For example, the irradiation device 20 may comprise not just one, but several lasers. Preferably, these may be gas or solid-state lasers or any other type of laser such as laser diodes, in particular VCSEL (Vertical Cavity Surface Emitting Laser) or VECSEL (Vertical External Cavity Surface Emitting Laser) or a line of these lasers. Most preferably, one or more unpolarized single-mode lasers, e.g. a 3 KW fiber laser with a wavelength of 1070 nm, can be used in the context of the invention.

The manufacturing device 1 contains a gas pipe 9, which feeds process gas G into the process space 3 and out of it, and a contamination measuring unit 18, which measures a degree of contamination in the process gas G flowing through the gas pipe 9. The gas stream flows through the gas-filled space above the container 5, through which the energy beam 22 passes during operation.
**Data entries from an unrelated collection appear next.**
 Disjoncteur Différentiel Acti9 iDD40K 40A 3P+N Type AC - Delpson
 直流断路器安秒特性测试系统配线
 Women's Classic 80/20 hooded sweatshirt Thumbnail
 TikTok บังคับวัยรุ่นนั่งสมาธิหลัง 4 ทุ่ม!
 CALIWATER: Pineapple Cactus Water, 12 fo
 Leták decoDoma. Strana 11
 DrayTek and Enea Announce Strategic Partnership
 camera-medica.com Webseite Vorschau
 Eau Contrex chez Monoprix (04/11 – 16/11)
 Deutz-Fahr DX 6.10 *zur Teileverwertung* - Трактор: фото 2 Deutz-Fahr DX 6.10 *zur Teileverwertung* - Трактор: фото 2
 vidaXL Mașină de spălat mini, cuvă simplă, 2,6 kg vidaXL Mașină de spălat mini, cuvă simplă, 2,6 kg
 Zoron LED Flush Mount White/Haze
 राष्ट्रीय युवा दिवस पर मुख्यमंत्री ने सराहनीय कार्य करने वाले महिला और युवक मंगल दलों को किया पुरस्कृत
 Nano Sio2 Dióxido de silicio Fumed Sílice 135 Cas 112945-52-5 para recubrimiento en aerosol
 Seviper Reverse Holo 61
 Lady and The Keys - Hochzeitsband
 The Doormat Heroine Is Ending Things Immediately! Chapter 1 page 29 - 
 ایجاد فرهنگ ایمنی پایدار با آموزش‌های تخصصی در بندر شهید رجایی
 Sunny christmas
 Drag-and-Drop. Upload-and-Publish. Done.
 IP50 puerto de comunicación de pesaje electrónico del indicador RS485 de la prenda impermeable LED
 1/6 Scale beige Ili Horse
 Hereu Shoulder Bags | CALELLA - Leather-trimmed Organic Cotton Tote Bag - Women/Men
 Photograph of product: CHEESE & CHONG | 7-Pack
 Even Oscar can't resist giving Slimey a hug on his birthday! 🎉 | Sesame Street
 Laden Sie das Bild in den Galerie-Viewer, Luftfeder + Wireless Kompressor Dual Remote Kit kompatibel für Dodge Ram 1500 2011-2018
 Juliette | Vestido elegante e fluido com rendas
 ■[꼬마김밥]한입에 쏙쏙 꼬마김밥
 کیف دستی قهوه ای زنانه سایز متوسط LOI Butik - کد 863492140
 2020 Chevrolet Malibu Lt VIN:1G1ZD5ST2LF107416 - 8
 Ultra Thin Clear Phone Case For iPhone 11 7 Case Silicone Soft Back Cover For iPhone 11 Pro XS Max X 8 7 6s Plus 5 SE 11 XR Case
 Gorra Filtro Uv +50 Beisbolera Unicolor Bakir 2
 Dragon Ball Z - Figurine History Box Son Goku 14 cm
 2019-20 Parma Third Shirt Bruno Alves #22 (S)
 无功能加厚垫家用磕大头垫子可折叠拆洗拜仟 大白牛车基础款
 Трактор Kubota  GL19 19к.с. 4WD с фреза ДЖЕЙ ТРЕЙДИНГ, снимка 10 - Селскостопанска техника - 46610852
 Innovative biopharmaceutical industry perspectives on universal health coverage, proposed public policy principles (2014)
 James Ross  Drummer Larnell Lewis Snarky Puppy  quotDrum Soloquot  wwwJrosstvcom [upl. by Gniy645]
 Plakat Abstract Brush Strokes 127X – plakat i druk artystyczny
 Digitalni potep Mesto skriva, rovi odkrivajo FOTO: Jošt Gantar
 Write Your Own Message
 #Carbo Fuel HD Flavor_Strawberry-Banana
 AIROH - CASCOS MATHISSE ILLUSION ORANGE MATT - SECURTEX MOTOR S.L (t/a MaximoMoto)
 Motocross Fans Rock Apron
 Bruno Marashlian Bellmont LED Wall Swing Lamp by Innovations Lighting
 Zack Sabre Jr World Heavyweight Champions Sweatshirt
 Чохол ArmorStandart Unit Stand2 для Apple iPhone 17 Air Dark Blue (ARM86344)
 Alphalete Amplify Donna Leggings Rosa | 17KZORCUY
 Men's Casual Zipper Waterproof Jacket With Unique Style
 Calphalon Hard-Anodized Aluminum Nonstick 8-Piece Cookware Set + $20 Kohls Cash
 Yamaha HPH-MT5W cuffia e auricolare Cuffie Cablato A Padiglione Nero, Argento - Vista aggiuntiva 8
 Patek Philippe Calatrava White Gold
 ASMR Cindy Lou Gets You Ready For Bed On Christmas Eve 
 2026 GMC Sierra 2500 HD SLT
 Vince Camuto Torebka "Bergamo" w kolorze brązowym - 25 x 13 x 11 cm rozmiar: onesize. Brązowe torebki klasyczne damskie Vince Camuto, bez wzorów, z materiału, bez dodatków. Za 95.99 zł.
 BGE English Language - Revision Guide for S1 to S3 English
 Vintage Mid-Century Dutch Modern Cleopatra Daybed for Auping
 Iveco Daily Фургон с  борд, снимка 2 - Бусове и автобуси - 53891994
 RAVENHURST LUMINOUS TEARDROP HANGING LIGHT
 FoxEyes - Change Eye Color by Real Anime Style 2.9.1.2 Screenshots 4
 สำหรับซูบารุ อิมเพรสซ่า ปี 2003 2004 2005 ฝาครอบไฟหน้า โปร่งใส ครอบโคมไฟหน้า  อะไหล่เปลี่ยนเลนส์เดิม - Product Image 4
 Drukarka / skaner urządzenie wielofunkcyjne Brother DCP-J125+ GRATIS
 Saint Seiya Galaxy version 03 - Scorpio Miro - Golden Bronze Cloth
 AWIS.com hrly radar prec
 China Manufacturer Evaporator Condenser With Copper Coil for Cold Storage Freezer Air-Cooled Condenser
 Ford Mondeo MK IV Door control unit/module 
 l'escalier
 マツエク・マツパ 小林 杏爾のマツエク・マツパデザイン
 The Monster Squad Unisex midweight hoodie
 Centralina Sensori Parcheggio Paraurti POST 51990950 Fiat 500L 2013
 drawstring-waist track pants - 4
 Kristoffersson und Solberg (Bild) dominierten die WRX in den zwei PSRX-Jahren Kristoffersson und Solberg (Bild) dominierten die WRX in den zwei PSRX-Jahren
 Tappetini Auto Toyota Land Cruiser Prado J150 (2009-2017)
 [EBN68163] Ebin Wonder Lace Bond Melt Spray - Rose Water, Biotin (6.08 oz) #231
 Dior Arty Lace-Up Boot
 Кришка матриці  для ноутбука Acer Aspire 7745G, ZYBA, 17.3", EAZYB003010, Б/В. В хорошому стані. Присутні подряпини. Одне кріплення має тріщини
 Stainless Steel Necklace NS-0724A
Opposite the gas inlet (left) is a gas outlet (right) so that the gas flow completely crosses the construction field and can be returned if necessary (not shown). Here, a contamination A of a process gas G flowing out of the process chamber 3 is measured with the contamination measuring unit 18, but a contamination of the incoming process gas G can also be measured. The contamination measuring unit 18 can comprise, for example, a filter breakage sensor, an optical turbidity sensor, a camera, a thermo-optical measuring device or a system designed for powder bed monitoring.

The measuring values M recorded by the contamination measuring unit 18, which allow conclusions to be drawn about the respective degree of contamination in the process gas G flowing through the gas pipe 9, are transferred here to a control device 30 of the manufacturing device 1, which also serves to control the various components of the manufacturing device 1 for the overall control of the additive manufacturing process.

To record the measuring values M, the control device 30 has an evaluation unit 32, which is designed to evaluate the measuring values M. A control unit 29 of the control device 30 serves to control the device 1 depending on the number of measuring values M. The control unit 29 is designed to control the components of the irradiation device 20, namely here the laser 21, the deflection device 23 and the focusing device 24, and for this purpose transmits to them corresponding irradiation control data BS, which are designed in accordance with the measuring values M.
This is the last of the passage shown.